Member of the U.S. House of Representatives from Michigan's 16th district
- In office March 4, 1933 – May 27, 1950
- Preceded by: None (District created)
- Succeeded by: John Lesinski Jr.

Personal details
- Born: John Lesinski January 3, 1885 Erie, Pennsylvania
- Died: May 27, 1950 (aged 65) Dearborn, Michigan
- Party: Democratic
- Spouse: 3
- Children: 9 (including John Lesinski Jr.)
- Education: Detroit Business University
- Occupation: Lumber and building supply Home building

= John Lesinski Sr. =

American politician

John Lesinski Sr. (January 3, 1885 – May 27, 1950) was a politician from the U.S. state of Michigan. He was the father of John Lesinski Jr., who succeeded him in the United States House of Representatives.

==Early life==
Lesinski was born in Erie, Pennsylvania on January 3, 1885, and his parents moved their family to Detroit, Michigan three months later. He attended the school of St. Albertus Roman Catholic Church, SS. Cyril and Methodius Seminary in Orchard Lake, and Detroit Business University.

==Start of career==
He engaged extensively in the building and real estate business in Detroit; established lumber and supply companies in Hamtramck and Dearborn areas of Detroit. He was president of the Polish Citizens' Committee of Detroit from 1919 to 1932, and was credited with recruiting thousands of Polish-Americans and Polish-Canadians to join the military and fight against the Axis during World War I. In addition, he was state commissioner in charge of the sale of bonds which raised funds for rebuilding Poland when the country was re-formed following World War I, for which he was awarded the Polonia Restituta by the Polish Government. He was a delegate to the Democratic National Conventions in 1936, 1940, and 1944. He was also a delegate to the Democratic State conventions in 1936, 1940, and 1944.

==Congress==
In 1932, Lesinski was elected as a Democrat and the first person to represent Michigan's 16th congressional district to the 73rd United States Congress, and was reelected to the eight succeeding Congresses, serving in the U.S. House from March 4, 1933, until his death.

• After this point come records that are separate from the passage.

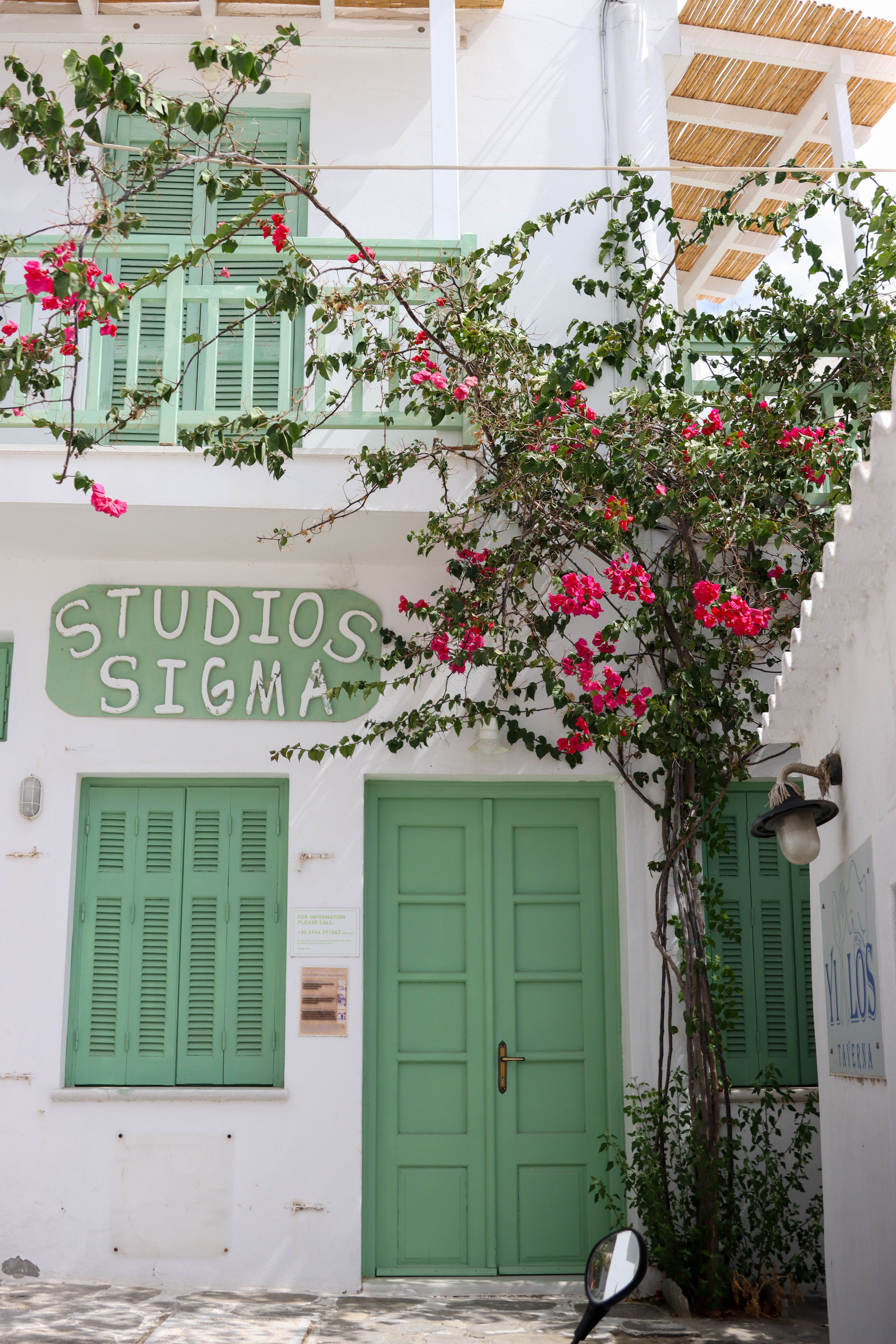 Traditional Greek architecture with vibrant bougainvillea in Naxos.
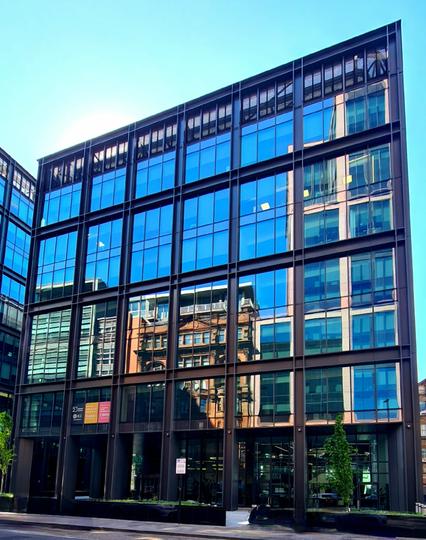 The facade of a traditional red sandstone build reflected in the glass front of a modern building.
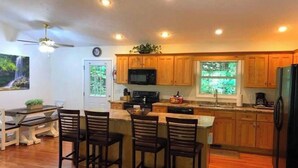 Una cocina con armarios de madera, un microondas y un refrigerador. Hay un comedor con una mesa y sillas.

He served as chairman of the Committee on Invalid Pensions in the 74th through 79th Congresses; of the Committee on Immigration and Naturalization in the 79th Congress, and of the Committee on Education and Labor in the 81st Congress.

Lesinski died in Dearborn, Michigan on May 27, 1950, and was interred in Mount Olivet Cemetery in Detroit, Michigan.

==Family==
Lesinski was married three times. His first wife, Stella died in 1919, and his second wife, Barbara, died in 1937. His third wife Estelle Geisinger, survived him.

Lesinski was the father of nine children, seven of whom survived to adulthood—Joan, John, Maxine, Delphine, Raymond, Beverly, and Edwin.

==See also==
- List of members of the United States Congress who died in office (1950–1999)

==Sources==
===Books===
- "John Lesinski, Late a Representative from Michigan" (1951)

===Newspapers===
"Rites Set For Lesinski Wednesday" (1950)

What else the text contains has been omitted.